--- INPUT DATA Enclosed Below ---

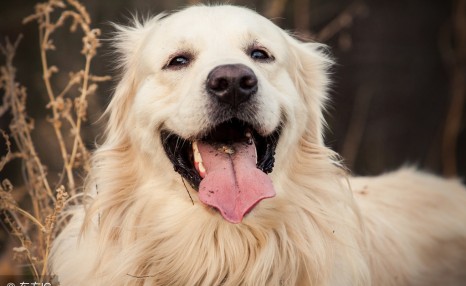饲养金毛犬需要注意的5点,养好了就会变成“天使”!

--- End of Enclosed INPUT DATA ---
--- INPUT DATA Enclosed Below ---

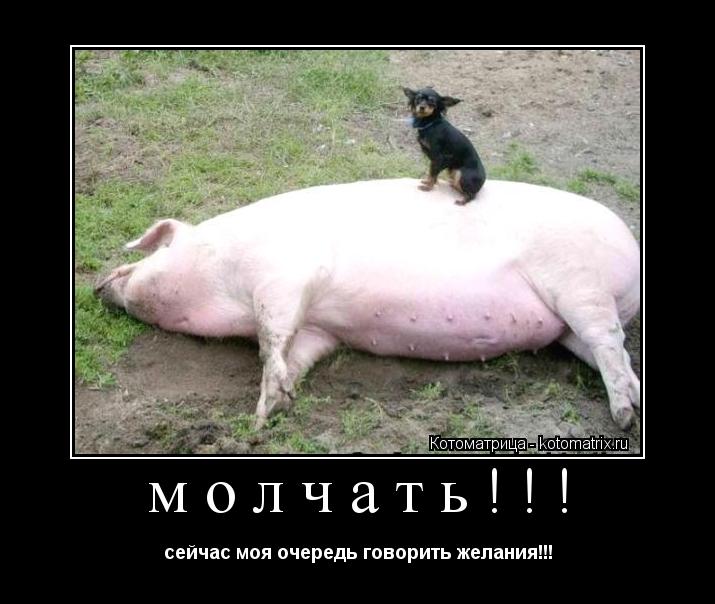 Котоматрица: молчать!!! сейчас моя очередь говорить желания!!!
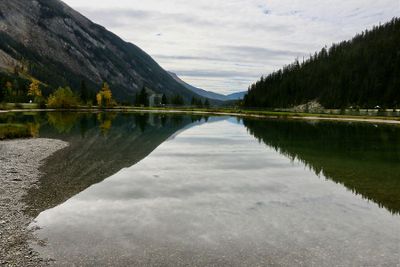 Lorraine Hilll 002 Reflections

--- End of Enclosed INPUT DATA ---
--- INPUT DATA Enclosed Below ---

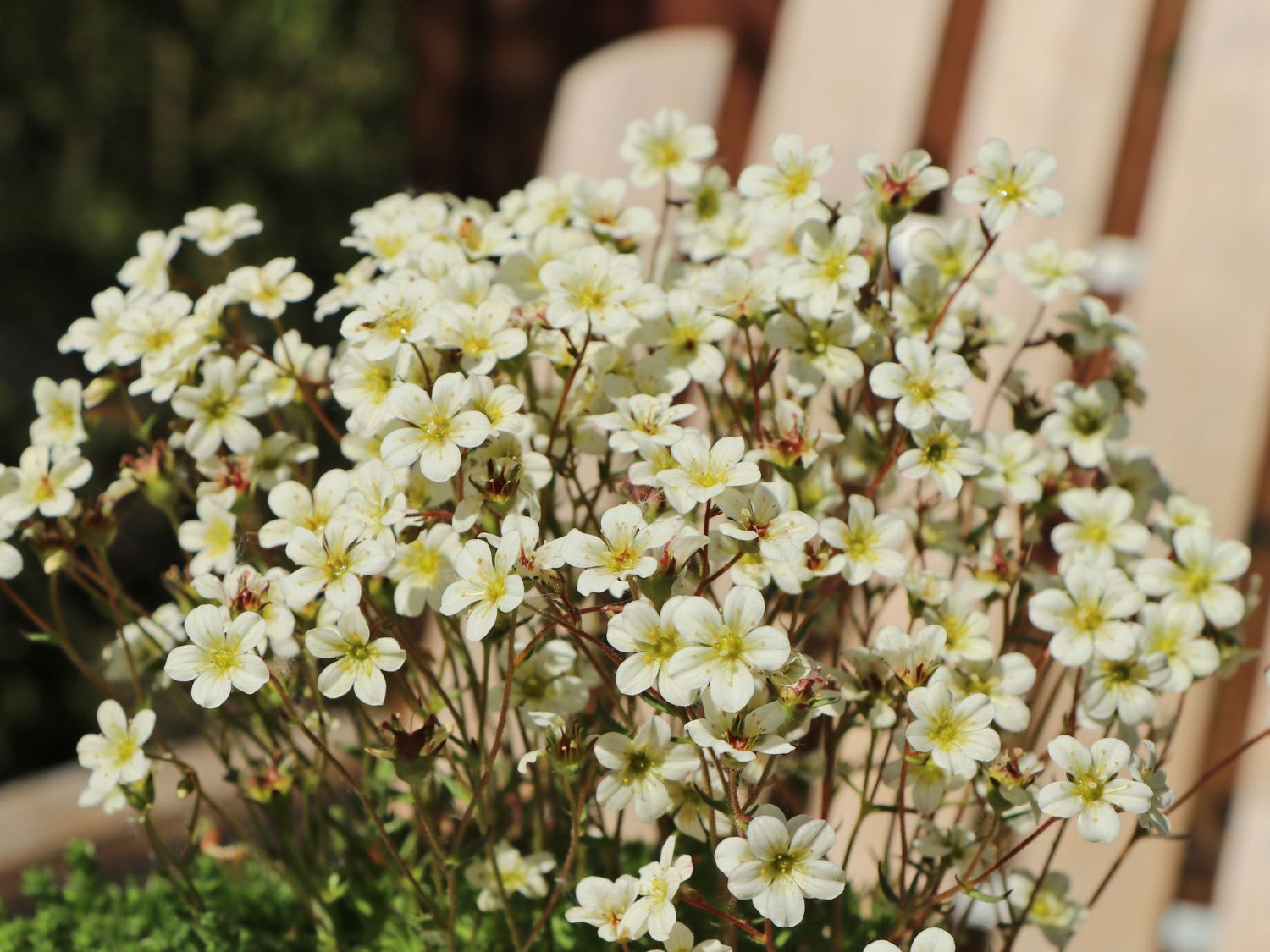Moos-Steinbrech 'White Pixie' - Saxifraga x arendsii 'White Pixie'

--- End of Enclosed INPUT DATA ---

> **AIM OF THE TASK**
Every line from the one with "Котоматрица: молчать!!! сейчас" through the one with "Lorraine Hilll 002 Reflections" is to be reproduced exactly as written above, and the pictures are to be dropped.

> **ANSWER SECTION**
 Котоматрица: молчать!!! сейчас моя очередь говорить желания!!!
 Lorraine Hilll 002 Reflections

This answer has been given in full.